I tried to do an online check-in for a flight some time ago. After cursing the airline, all software developers, all of society and all the gods for about 30 minutes, I realized that I had to allow popups for the site.
I’ve been replaying Skyrim since I got the Special Edition on sale few days ago. The loading screen goes away so fast that I can’t enjoy any tips on information that it shows. The technology has come a long way.
It’s never really been an “issue”. The rolls have always been accurate, and the XCOM devs have even said in XCOM 2 they gave an invisible “buff” on hit chances on some difficulties.
The problem is we as people assume that something like 90% is a guarantee, and a miss in XCOM always feels so much worse, especially when they changed from time units to just a flat “do a shot, hit or miss them all” approach. So even though statistically you’re going to miss 1 of every 10 on a 90% shot, when it happens twice it’s “bullshit”. But that’s just odds man, gamblers fallacy is real.

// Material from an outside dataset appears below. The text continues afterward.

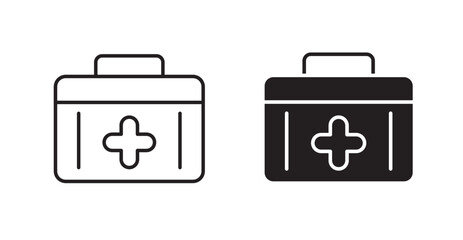 First aid thin line and fill vector icons set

Part of the issue is there’s a disconnect from what’s being shown and what’s already happened. So, XCOM, and I think XCOM2 (it’s been a while since I played both) create a table with “random” values on map load. This means, you can 100% save scum the shit out any encounter because cause and effect will always be the same, it’s not a live “dice roll”. Part of this sucks, because what happened is hidden from the player. Something like BG3, you can see “Oh, I swung, rolled a 3, and these modifiers, my total was 14 and they have an AC of 15”. Also, some games help by using a pseudo-random where the probability of something happening, actually increases over time. Example would be Dota2, where something like bash, shows a given percent, but it’s actually on a scale. Each attack changes the % chance the next bash may happen, eventually getting to a point it’s nearly a guarantee. This type of random is often used to make the game feel more fun for the player (to nudge the numbers one way or the other). However, with a pre-seeded table, this likely isn’t happening.

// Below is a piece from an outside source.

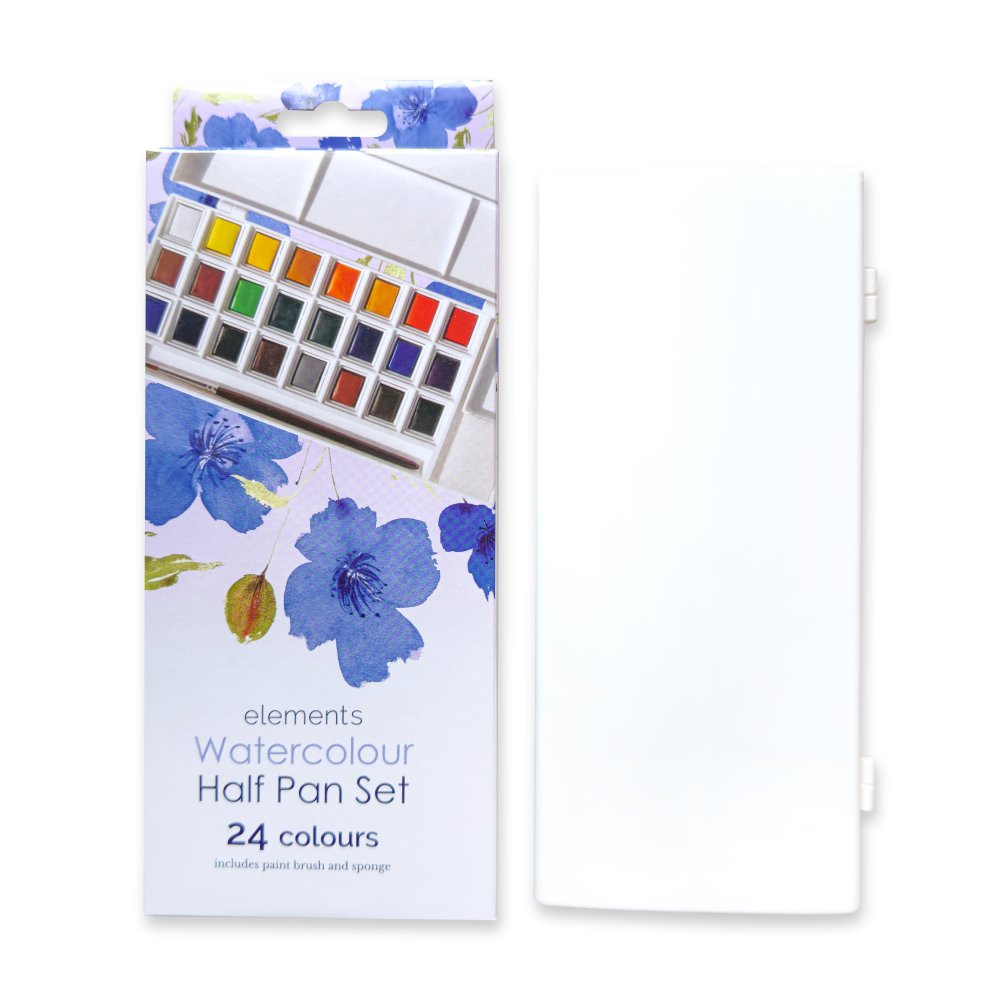 Elements Watercolour 24 Half Pan Set front of pack, 24 colours including paint brush and sponge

Then you add the visual component. Point blank range, it’ll say “99%” and you miss. Or the number will seem low, despite point blank range. And you have the visual of the %.
So you add those together, the game likely not helping the player and just using a pre-seeded table plus the visuals with the human notion of really only remembering the extremes and you get the overall feeling of “game not fair”. You made 10 shots in a row with only 30% chance, but you only remember the single 99% chance you missed
Actually no. Mostly, but some actions affect the PRNG and when loading saves they haven’t remembered to reset the effect of those, so the results can change a bit between loads. It has been a while, so I don’t remember the specifics. But you can abuse this property to get out of really tough spots by gaming the PRNG across loads.
Way too close for even a bullpup rifle. 65% is honestly pretty good if he’s already at point-blank range by the time brain impulse to fire the trigger is sent.
I think the game is meant to abstract away simultaneous actions. So it’s like the alien and you are moving at the same time, not like hitting a stationary target next to you.